Kılıçdaroğlu’na bu mektubu yazdıran hangi kaygıydı? Gerçekten bankacılık sistemi kriz içinde mi? Yoksa mektubu, “tarihe not düşmek için” mi yazdı? Dahası, mektup; muhatabı Başbakan olsa da “kişiye özel” değil mi? Hal böyleyken mektubun içeriğini Kılıçdaroğlu yerine muhatabının açıklaması gerekmez miydi?

 

“Mektuplu diplomasi” iç politika kültürümüzde çok rastlanır bir yöntem değil. 1960 ve 1970’li yıllarda kimi siyasiler bu yöntemi kullanmıştı ama sadece tarihe not düşmek adınaydı. Dolayısıyla, Sayın Kılıçdaroğlu’nun da böyle bir niyeti olabilir. Ancak bana yine de manidar geldi. Neyse… Gelelim mektubun siyasi sonuçlarına; Kılıçdaroğlu’nun “ilanen duyuru” biçiminde yazdığı mektuba, muhatabından yani Başbakan Davutoğlu’ndan herhangi bir yanıt gelmedi. Kılıçdaroğlu. buna rağmen, içerik konusunda gazetecilerin sorduğu tüm soruları yanıtladı… Kastını ve esas amacını açıkladı. Dedi ki; yürütmenin başı sen isen, yasaların verdiği yetkiyle gereğini yap! Yok eğer, yürütmenin başı sen değil de Anayasa’ya göre “sorumsuz” olan Cumhurbaşkanı Tayyip Erdoğan ise O’nu da bilelim! Kısacası demek istedi ki “Başbakan sen misin yoksa Erdoğan mı?”

 

Hal böyleyken, “yandaş medya” eleştiri yağmuruna başladı:

 

” Vay vay vay!

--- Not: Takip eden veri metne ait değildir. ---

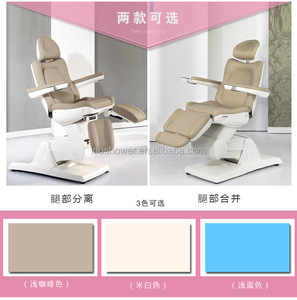 Precio de silla dental con potencia de lectricidad, el mejor socio de <span class=keywords><strong>dentista</strong></span>, cama Dental - Product Image 5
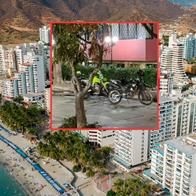 Hipótesis sobre muerte de madre e hijo en apartamento del Rodadero (Santa Marta)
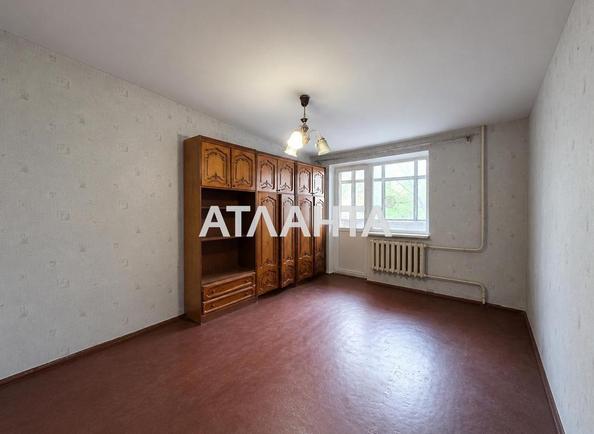2-кімнатна квартира за адресою вул. Інглезі (площа 52 м²) - Atlanta.ua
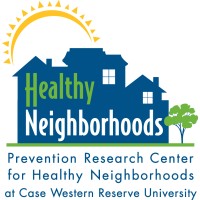 Prevention Research Center for Healthy Neighborhoods logo, Prevention Research Center for Healthy Neighborhoods contact details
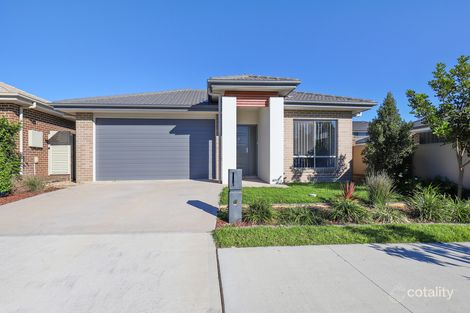 Property photo of 6 Skaife Street Oran Park NSW 2570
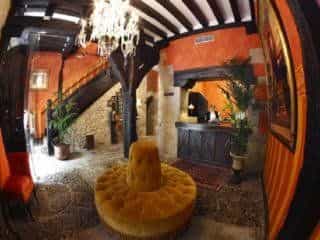 Casa del Marques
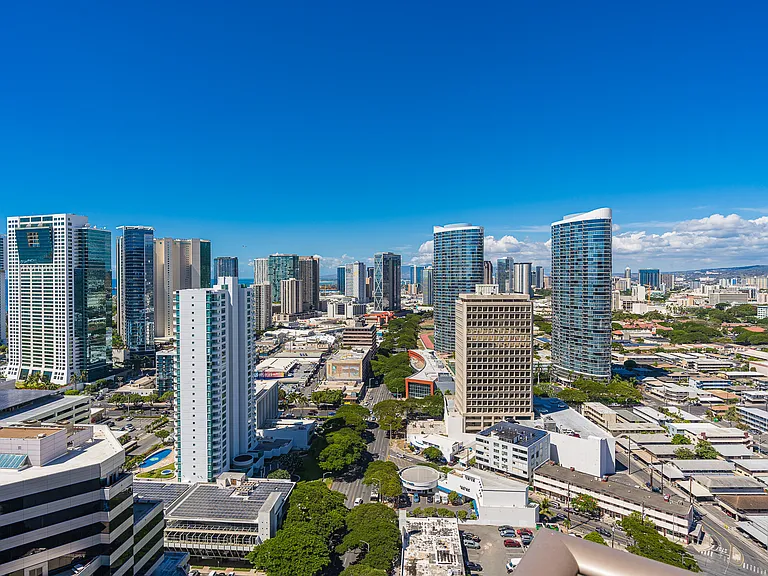 1388 Kapiolani Blvd #2902 — Photo 18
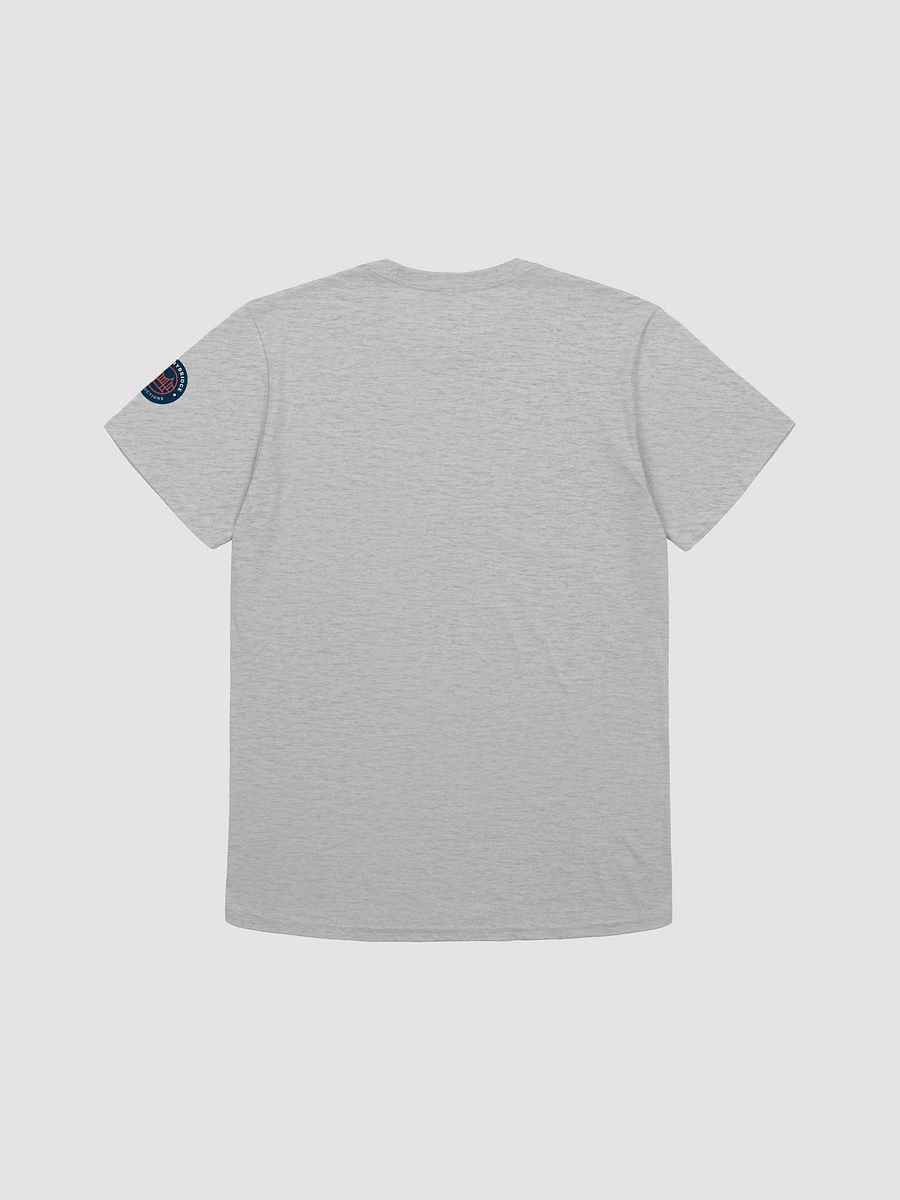 Road Trippers Unisex T-Shirt product image (5)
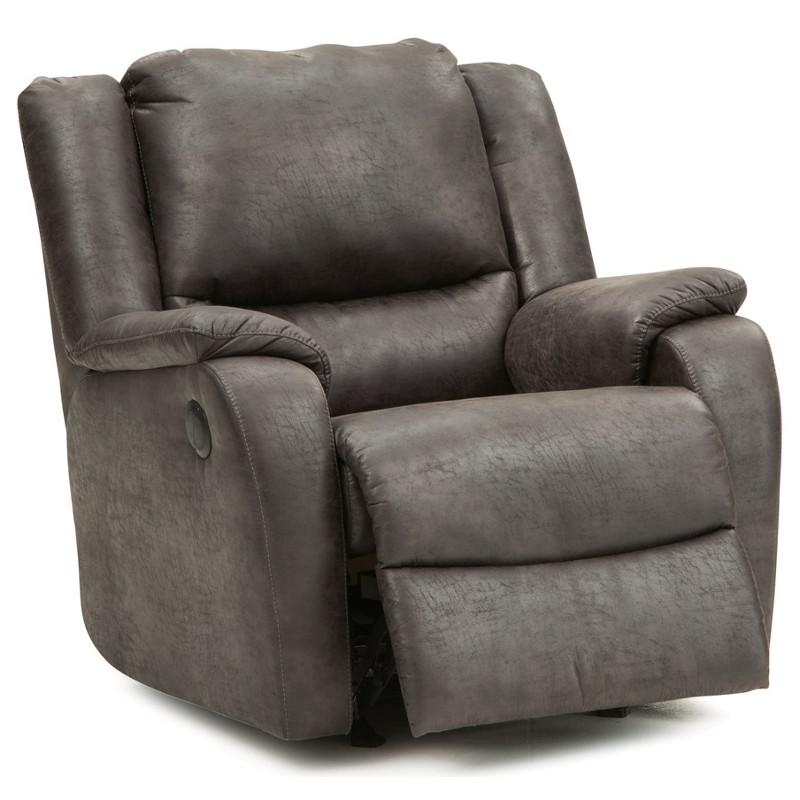 Palliser Sawgrass Power Leather Recliner 41141-31 IMAGE 1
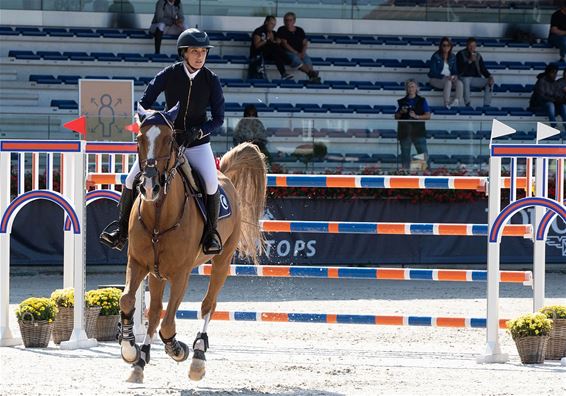 Beroemdheden op hun paard - Hamont-Achel & Pelt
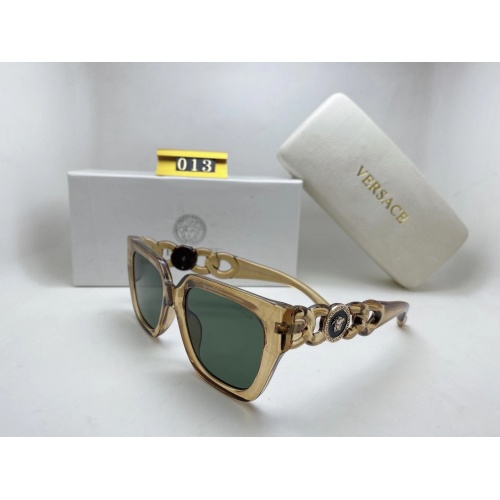 Versace Sunglasses #1005199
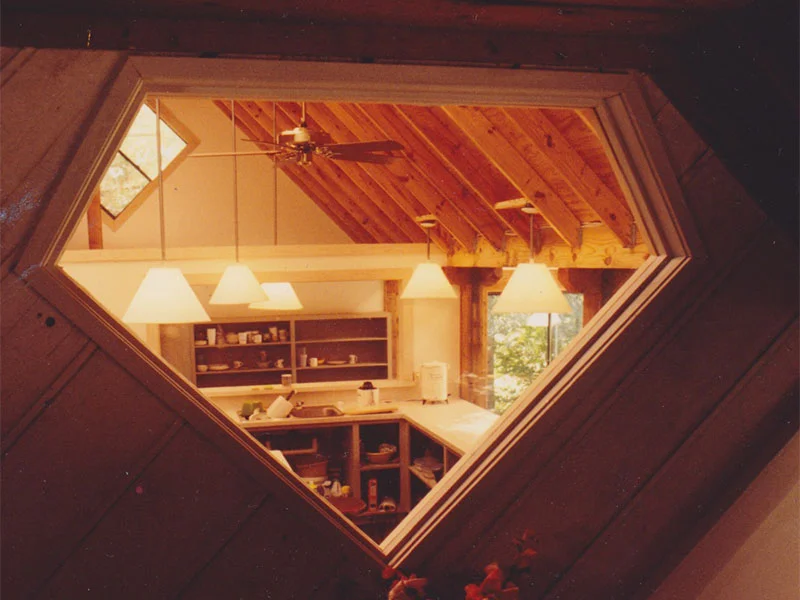 Margaret Austin Center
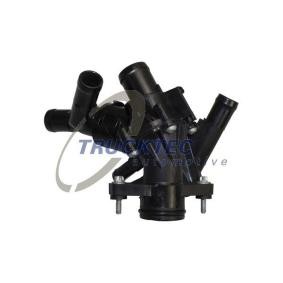 Achetez des Thermostat d'eau TRUCKTEC AUTOMOTIVE 02.19.384 à prix pour 89,30 €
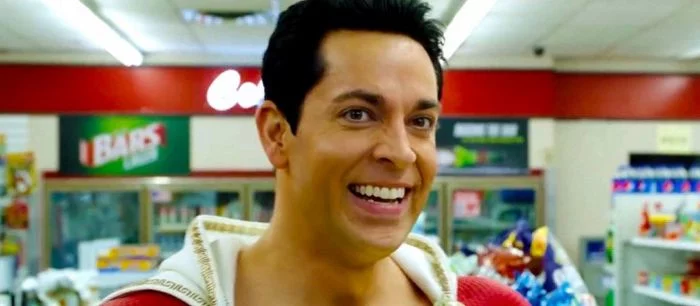 В сети появились оценки фильма «Шазам!»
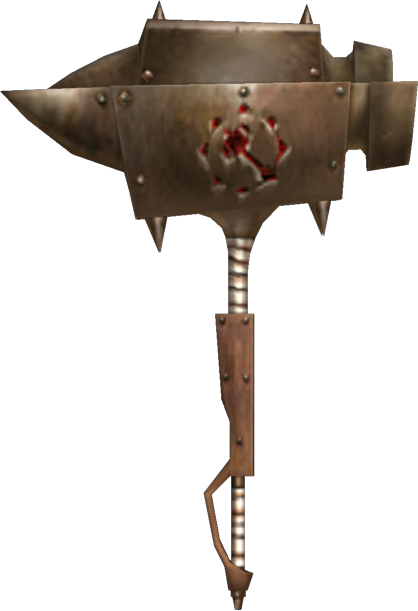 anvil hammer logo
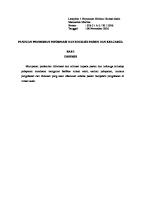 Panduan Pemberian Informasi Dan Edukasi Pasien Dan Keluarga [PDF]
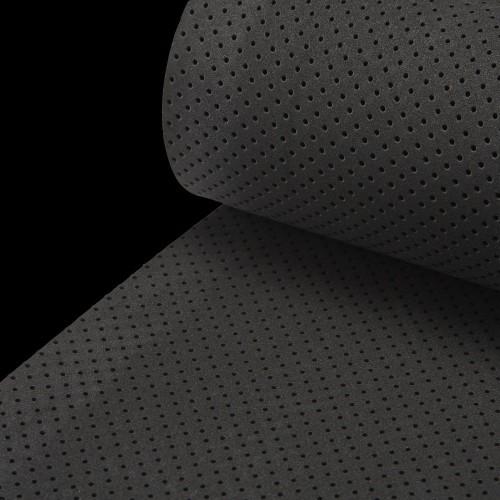 Коврик для йоги Reebok Tech Style Yoga Mat Black GD0626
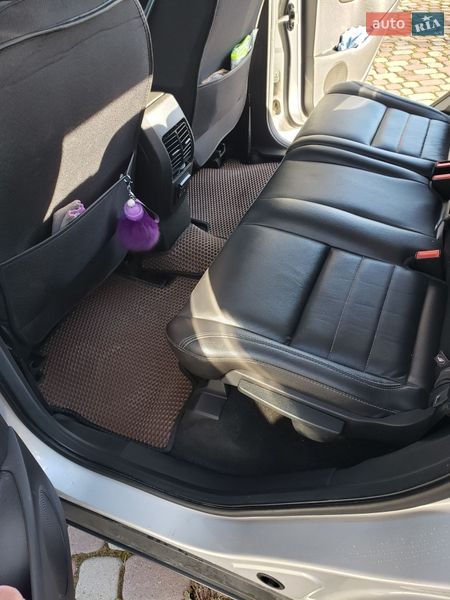 Позашляховик / Кросовер Ford Escape 2014 в Калуші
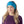 Load image into Gallery viewer, Smartwool SW0SC969 Thermal Merino Reversible Headband
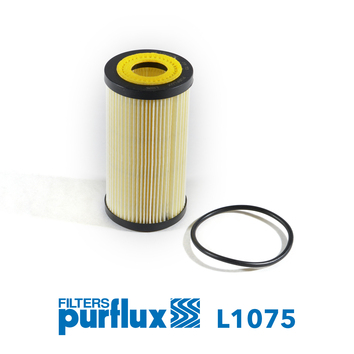 Oliefilter Purflux L1075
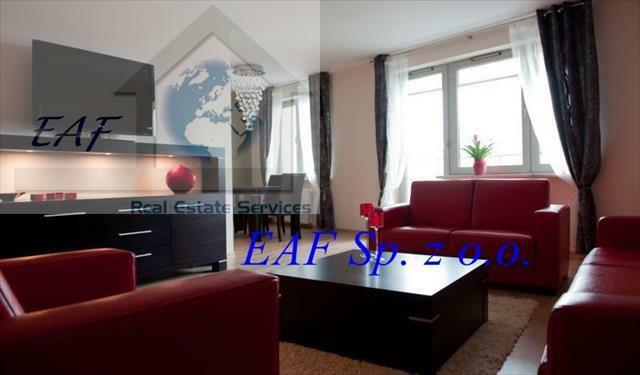 Mieszkanie Warszawa Śródmieście, Śródmieście Płn, Grzybowska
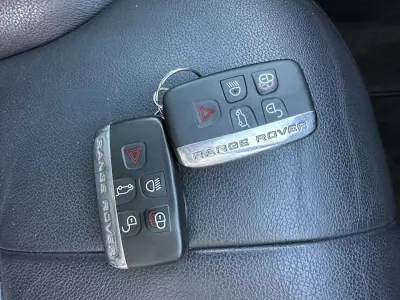 Land Rover Range Rover Evoque 2016 - 19900 EUR, 189000 km - AUTO.MOTO.pt - 189000km - foto 62 de 62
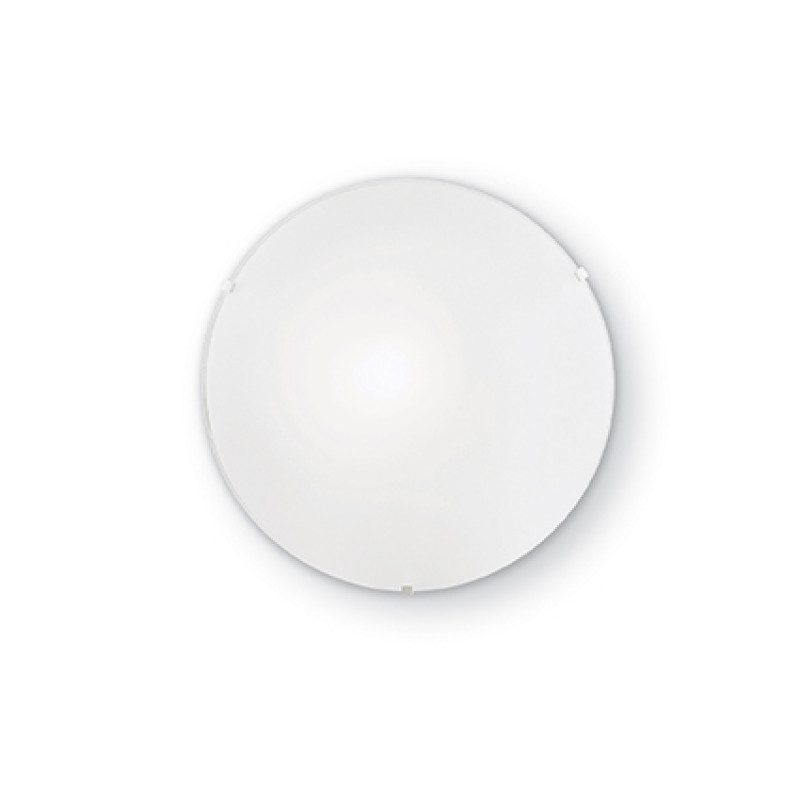 Ceiling lamp SIMPLY PL2 White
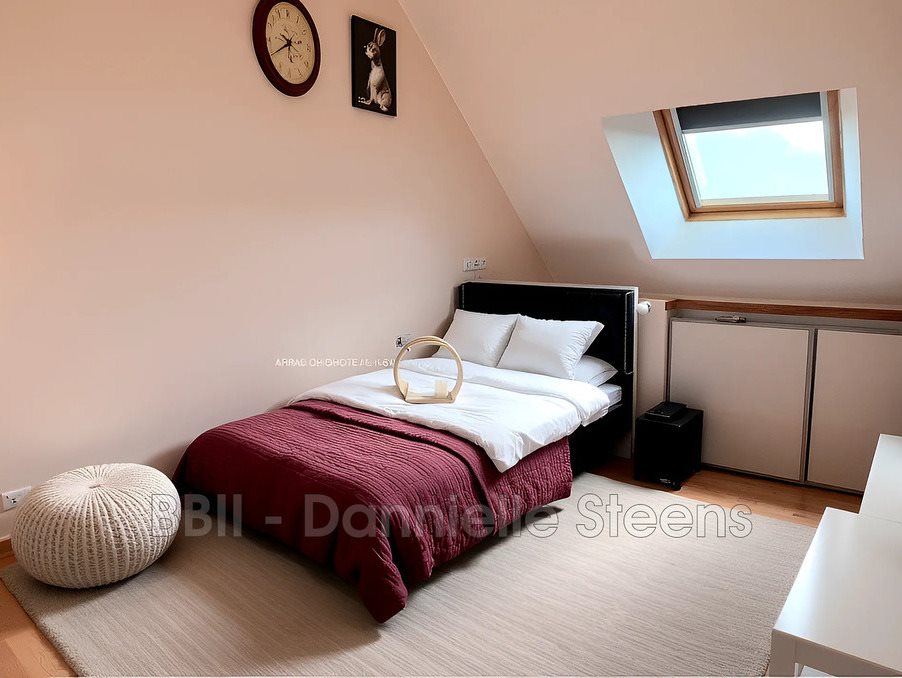 Appartement à vendre, 198m², Rennes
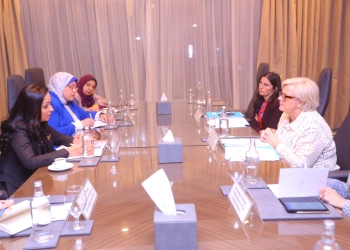 مصر وفرنسا تبحثان دعم منظومة الحماية الاجتماعية وتمكين الفئات الأولى بالرعاية 19 - جريدة المساء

Biz demedik mi Kılıçdaroğlu ve CHP cemaatle iç içe! Paralel yapıyla işbirliği yapıyor. Şimdi inandınız mı?” Yandaş medyanın bu saldırısı “her ne kadar haksız olsa da” beklenen bir eleştiri olmalı. Sayın Kılıçdaroğlu için… Ve kanımca bunun da yanıtını kendisi verecektir. Ancak kamuoyunu ne kadar tatmin eder, ne kadar inandırıcı olur, bilemiyorum! Her ne kadar Kılıçdaroğlu’nun niyeti, “Başbakan’ın kim olduğu konusunda” Davutoğlu’nu sıkıntıya sokmak olsa da…

 

Sonuç olarak merak ettiğim: Kılıçdaroğlu’na “servis veren” hangi “süper zekâlı”ların bu öneriyi getirip önüne koyduğudur. Bence hata edilmiştir. Politik ve stratejik bir hata! Nihayetinde, yazının girişindeki fıkrada da belirttiğim gibi Kılıçdaroğlu’nun kendi kendine yazdığı bir mektup fotoğrafı ortaya çıkmıştır. Yazık, günah değil mi?